People have a profound need to feel valued and if the culture and society don’t provide an opportunity for this to find expression, then it will find an outlet in another way. Why was Michael Gove, the lover of traditional educational values, so quick to dismiss the opinion of experts over Brexit during the referendum campaign? He was telling voters who felt let down, excluded, that their opinion is as valuable as the ‘experts’ also known as ‘the elite.’ The message is that you don’t need an education to understand difficult, complex economic issues.
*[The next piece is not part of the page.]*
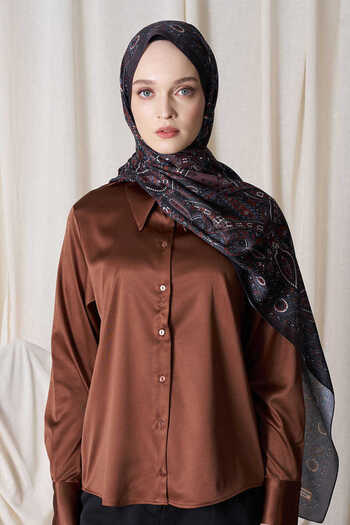 Madame Polo Ιστορικό σάλι Livia Pattern - Bitter Brown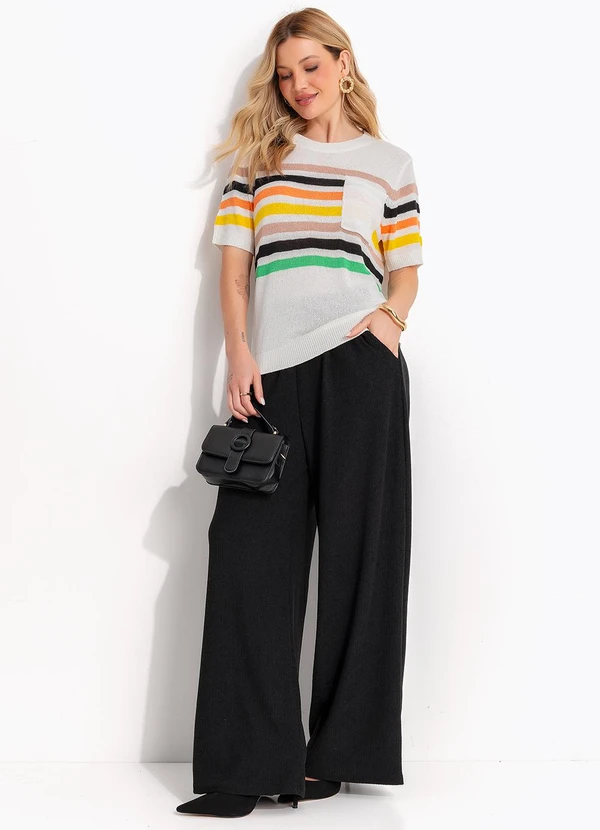 Quintess - Blusa Off White em Tricô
You know what you believe and that is good enough. Except it isn’t. It is deceptive and dishonest. Schooling does not make you a better person or a decent human being, but you do need knowledge and education to succeed in today’s society. Implying you do not, is an attempt to cover up and divert attention from the weaknesses of an education system that has failed to provide a good enough education for all. The ability to question and think critically is fundamental to a decent, democratic society. If knowledge is power then this power needs to be shared as widely as possible. Aaron Sorkin, who wrote the West Wing, said that what worried him the most was the ease with which people had come to disbelieve what was probably accurate in favour of what was patently false.
People, as I have said previously, need to feel important, need to feel they are significant. I have noticed that my clients who most strongly believe in conspiracy theories, often feel relatively marginalised and powerless. The strong pull of the conspiracy theory is that you are part of the ‘privileged’ few who ‘know’ what really happened. It is a powerful illusion to believe you have the truth about who killed President Kennedy, murdered Princess Diana, or flew planes into the twin towers.